'The Laundress', Jean-Baptiste Siméon (1699-1779). Picture Credit: Fine Art Images/Heritage Images/Getty Images

Much ado about mothers

Mumsnet has been airing the trans lobby’s dirty laundry

Artillery Row

The mother, wrote the political philosopher Martha Albertson Fineman, “embodies dependency at the same time she is trapped by the dependency of others … she is marred by her burdens of obligation and intimacy in an era where personal liberation and individual autonomy are viewed as both mature and essential”.

 In other words, Mummy’s a drudge at a time when everyone else associates drudgery with the ludicrously essentialist idea that bodies and relationships of dependency define us.
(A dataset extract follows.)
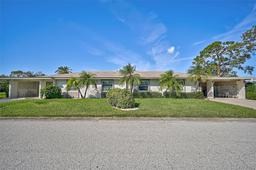 Picture of 1402 Grand Boulevard Unit 240, Sarasota, FL 34232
Poor, stupid, bigoted Mummy. Still, at least she can wash your pants while you ponder the ethics of a disembodied, pant-free future.

I was thinking of Fineman’s quote in relation to the latest outrage over Mumsnet. Yes, it’s that time again, when a band of young “feminist” writers and tweeters competes to come up with the snappiest way of asking “why aren’t these past-it cows wittering on about nappy rash while we mock them for their triviality, instead of pretending to understand politics like they’re still fully rational human beings?” 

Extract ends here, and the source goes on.